Figure 5. TACI deletion prevents BAFF-driven endocapillary, but not mesangial, immune complex deposits

(A) Representative IF staining for glomerular IgG, lgG2c, and C3 complement in indicated genotypes, showing both mesangial and capillary wall IC deposits in BAFF-Tg mice. In contrast, deposits were limited to the mesangium in Taci^-/-.BAFF-Tg mice. Bars: 20μm. (B) Location of glomerular deposits, scored as mesangial (blue) and/or endocapillary (red), in BAFF-Tg vs. Taci^-/-.BAFF-Tg mice. Unfilled portion of circle represents animals with absent or undefinable IF staining pattern, and number within circle indicates number of animals analyzed. Scoring was performed by observer blinded to genotype. (C) Representative electron micrographs showing prominent mesangial (arrowheads) and capillary wall immune complexes (stars) in BAFF-Tg mice, but no capillary wall deposits in wild type (WT) mice (arrows). In contrast to BAFF-Tg mice, immune deposits were limited to the mesangium in Taci^-/-.BAFF-Tg mice (arrowheads), while capillary loops lacked deposits (arrows). Bars: 2μm.

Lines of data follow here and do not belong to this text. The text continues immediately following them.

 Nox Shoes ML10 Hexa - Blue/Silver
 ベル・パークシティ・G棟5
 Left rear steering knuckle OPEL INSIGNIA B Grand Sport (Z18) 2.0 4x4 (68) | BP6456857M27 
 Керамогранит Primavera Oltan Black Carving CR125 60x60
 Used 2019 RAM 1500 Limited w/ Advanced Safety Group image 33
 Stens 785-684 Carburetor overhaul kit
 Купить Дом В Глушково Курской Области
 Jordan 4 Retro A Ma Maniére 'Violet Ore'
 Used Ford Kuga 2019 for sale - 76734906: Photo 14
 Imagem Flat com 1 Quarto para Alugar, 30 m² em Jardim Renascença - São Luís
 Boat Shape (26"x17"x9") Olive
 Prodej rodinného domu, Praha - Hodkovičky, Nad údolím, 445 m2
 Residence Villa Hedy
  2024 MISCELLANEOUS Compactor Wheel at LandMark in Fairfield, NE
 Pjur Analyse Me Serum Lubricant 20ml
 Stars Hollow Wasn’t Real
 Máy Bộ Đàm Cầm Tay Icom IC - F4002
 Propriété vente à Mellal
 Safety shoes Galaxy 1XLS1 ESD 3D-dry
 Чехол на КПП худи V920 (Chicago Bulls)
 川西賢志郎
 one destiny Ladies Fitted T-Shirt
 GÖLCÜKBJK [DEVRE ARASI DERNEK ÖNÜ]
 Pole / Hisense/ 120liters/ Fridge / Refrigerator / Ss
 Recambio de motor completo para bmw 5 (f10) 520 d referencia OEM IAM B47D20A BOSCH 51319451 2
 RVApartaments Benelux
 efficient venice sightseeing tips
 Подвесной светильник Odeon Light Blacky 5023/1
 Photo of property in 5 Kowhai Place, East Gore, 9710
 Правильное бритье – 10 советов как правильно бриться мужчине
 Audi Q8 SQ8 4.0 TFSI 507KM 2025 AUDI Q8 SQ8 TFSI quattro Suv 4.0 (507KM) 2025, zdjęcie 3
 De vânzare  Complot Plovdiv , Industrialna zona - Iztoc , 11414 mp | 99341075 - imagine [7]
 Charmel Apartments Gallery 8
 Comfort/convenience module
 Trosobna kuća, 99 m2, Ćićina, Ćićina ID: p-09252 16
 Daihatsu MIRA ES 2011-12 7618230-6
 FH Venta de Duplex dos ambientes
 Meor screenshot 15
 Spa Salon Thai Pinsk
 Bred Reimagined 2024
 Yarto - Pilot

Figure 6. TACI signals promote class-switched autoantibodies against RNA-associated autoantigens in BAFF-Tg mice

(A) Serum IgG autoantibodies in wild-type, BAFF-Tg and Taci^-/-.BAFF-Tg mice, determined using an autoantigen microarray. Specific autoantigens are ordered from top to bottom based on intensity of BAFF-Tg IgG reactivity. Surprisingly, TACI deletion results in the loss of a limited subset of BAFF-Tg autoantibodies (depicted by red bracket), enriched for ribonucleoprotein (RNP) reactivity. Data are represented as a heat map of Z-scores ranging from -1 (blue) to 3 (red). Each column represents an independent animal. (B) Anti-Sm/RNP (upper panels) and anti-dsDNA (lower panels) IgG and lgG2c autoantibodies in sera from wild type (black, n=2), BAFF-Tg (red, n=5), Taci^-/-.BAFF-Tg (gray, n=5), and the WAS chimera lupus model (blue, n=5). Whereas antibodies binding the RNA-associated autoantigen Sm/RNP were significantly increased in BAFF-Tg mice compared with the WAS chimera model, titers of dsDNA autoantibodies were markedly lower in BAFF-Tg vs. WAS chimera mice. Error bars indicate SEM; *, P<0.05, BAFF-Tg vs. WAS chimera reactivity by two-tailed Student's t test. (C) Representative images of C. luciliae stained with IgG (green) and DAPI (blue). Arrow highlights prominent IgG and DAPI counterstaining of the C. luciliae kinetoplast by WAS chimera sera. In contrast, BAFF-Tg and Taci^-/-.BAFF-Tg sera exhibited variable diffuse staining of C. luciliae cytoplasm, without increased kinetoplast reactivity. Bars: 10μm. (D) Anti-dsDNA IgG Ab by intensity of C. luciliae kinetoplast staining in wild-type (black, n=12), BAFF-Tg (red, n=18), Taci^-/-.BAFF-Tg (gray, n=5), and WAS chimera (blue, n=14) sera. Kinetoplast staining was scored from 0-3 by observers blinded to genotype. (E, F) Anti-Sm/RNP (E) and anti-dsDNA (F) IgG and lgG2c autoantibodies in 4-month-old wild-type (white, n=6), BAFF-Tg (black, n=7), and Tlr7^-/-.BAFF-Tg (gray, n=4) sera. (D-F) Error bars indicate SEM. **, P<0.01, ***, P<0.001; ****, P<0.0001; by one-way ANOVA, followed by Tukey's multiple comparison test.